5 School Lunches that are Easy to Pack and Healthy for Kids

It’s hard to believe, but the summer is starting to come to a close and “back to school” is nearly upon us. Tax-free weekend is just days away to help you save some money on school supplies and new clothing. Now is also the time to start thinking about meal planning for your child’s lunches. Find inspiration with these 5 healthy and easy school lunch ideas:

1. DIY Lunchables
Lunchables, at their core, are a fun way of getting kids more variety in their lunches. But stocking up on a week’s worth of these pre-packed lunches can be a strain on your budget, and nutritionally, they tend to be high in sodium and fat from all the preservatives. Make your own version at home that’s cheaper and healthier than the store bought version. You can invest in fun bento-style divided plastic lunchboxes, or make one yourself using plastic food container and colorful muffin tin liners. As far as the actual snacks go, be sure you cover the nutritional bases. The majority of the meal should be protein to keep kids full and focused. This can range from lunchmeat, to cooked lean meat (just make sure to keep the lunchboxes insulated and cold until lunchtime!). You can also include slices of cheese, pretzels, fruits and veggies, wholewheat crackers, and a sweet snack in moderation. If you want to get really creative, consider cutting up the meat and/or cheese using a fun cookie cutter!
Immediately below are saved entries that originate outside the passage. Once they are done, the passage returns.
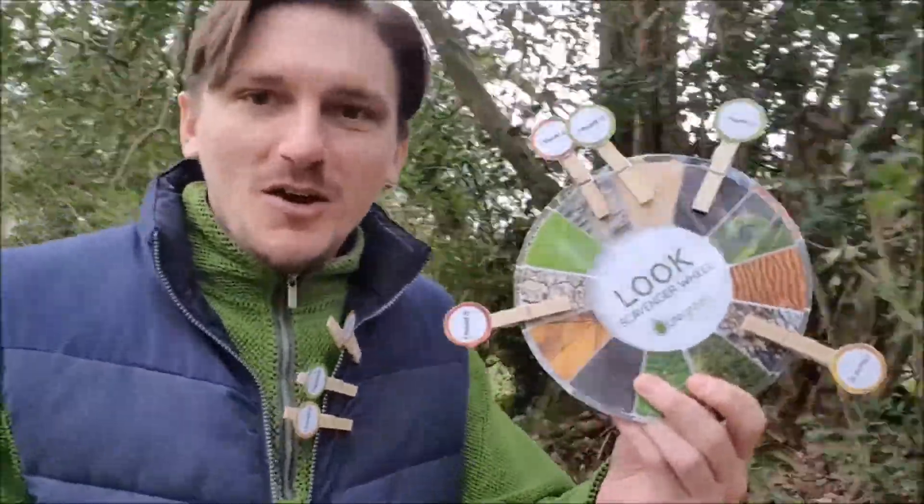Okay, this time, with it being spring, everything's popping out, starting to show itself for the first time. So I'm going to show you exactly how you can do your scavenger hunt using one of these, and I'm going to give you everything you need to do it. Off we go.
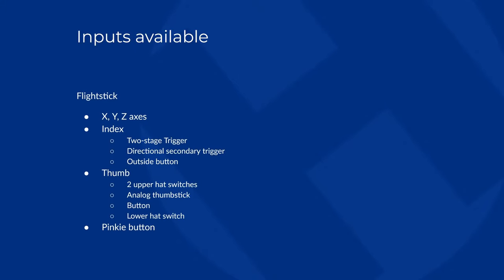With the inputs I defined for my hardware, going through all available options: on the flight stick we have the X, Y, and Z (twist) axes. On the index finger, we have the two-stage trigger, a secondary trigger just outside of that, and an outside button on the upper left of the stick. On the thumb, we have two hat switches, an analog thumbstick, a red button, and the lower hat switch. And finally, there's a pinky button on the flight stick.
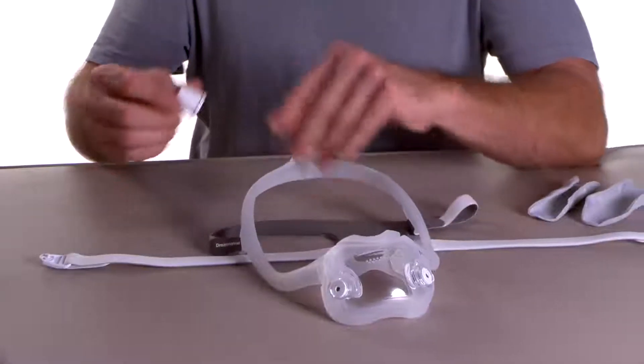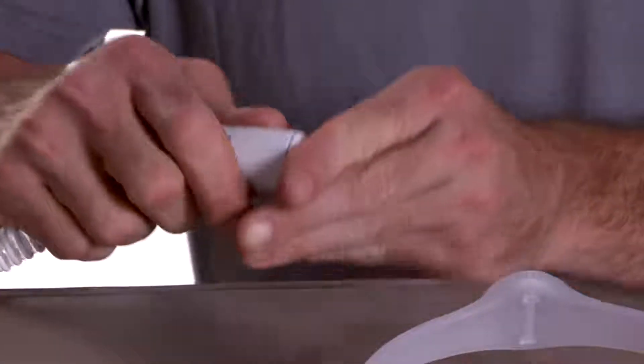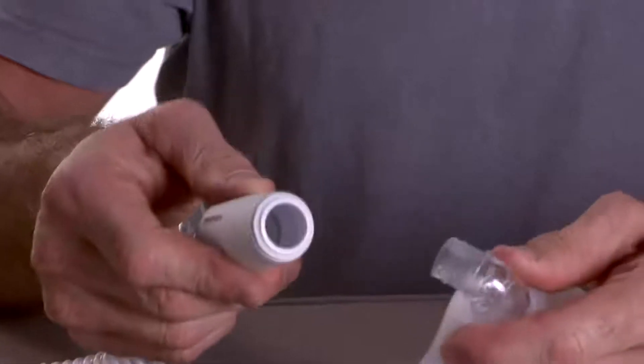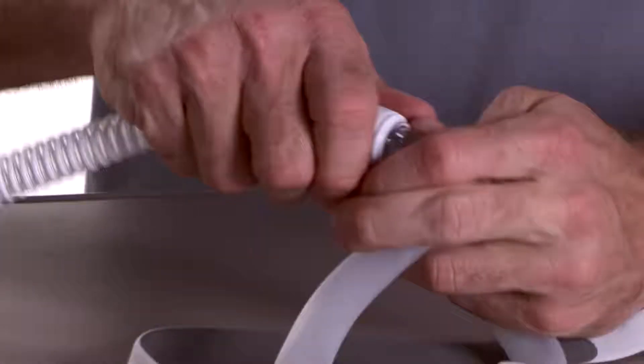Push the tubing quick release into the tubing that came with the CPAP device. Notice that the tubing quick release lets you easily disengage from the device, which is convenient when you get up to use the bathroom at night.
2. Deconstructed Chicken Tacos

Kids love to play with their food and get hands-on with their mealtime, especially during lunchtime at school when they’re full of energy. Deconstructed chicken tacos are a great way to ensure that your kids have the nutrition they need while also giving them an outlet to have a little fun. Start with strips of chicken in one container, shredded lettuce in another, chopped up veggies (like peppers, onions, or tomatoes, depending on your child’s preferences) in a third, and some shredded cheese in a final container. Include mini tortilla chip cups or small soft tortillas and some salsa so that they can construct their own taco during lunch.

3. Fried Rice Bowl

For many people, fried rice is considered a comfort food, and is favored because it’s so easy to make in bulk. Plus, it’s a great way to sneak more vegetables into your kid’s diet. There are a number of delicious fried rice recipes out there, but the main elements are rice, soy sauce (low-sodium when possible), sesame oil, vegetables (make it easier on yourself by buying a mixed veggie blend in the freezer section. The most popular vegetables that go into fried rice are corn, peas, onions, carrots, green beans and garlic), and eggs. You can add even more veggies into the mix by replacing half the rice with riced cauliflower. Make the entire dish ahead the night before and reheat in the morning in a vacuum-insulated food jar or thermos to keep it warm until lunchtime!

4. PB&J Sushi

Peanut butter and jelly is a classic lunchtime staple for good reason: it’s easy, it’s enjoyed almost universally (assuming you don’t have a nut allergy), and it has a good balance of carbs and protein. PB&J Sushi is a fun take on a classic that will get your child excited for lunch. Use a rolling pin to roll your bread out flat, spread on your peanut butter (preferably natural with no sugar added. You can also substitute almond or cashew butter for less fat) and your jelly (opt for sugar free or naturally sweetened versions), and then roll them up just like you’d do with sushi. Cut the rolls into sushi-sized pinwheels and serve with fruit or crackers.

5. Mason Jar Salad

Mason jars have become an extremely popular tool for making one-dish lunches that are super easy to transport and pretty to look at. After seeing how colorful and fun the Mason jar salads are, your kids might just forget that they’re full of vegetables! First, grab a wide mouth mason jar. At the bottom, pour 1-2 tablespoons of your child’s favorite dressing. Next, layer your harder veggies (like carrots, celery, onions, peppers, beans), next, add your soft veggies and grains (like cucumbers, avocado, quinoa, fruits, or corn), followed by the third layer, which you’ll pack with mixed greens. Finally, at the top, you’ll add your protein and cheese. When your child goes to dump out the Mason jar into their lunch bowl, the order of layers will be reversed and everything will be coated with the dressing from the bottom of the jar.


What are some of your favorite easy and healthy lunchtime meals for kids?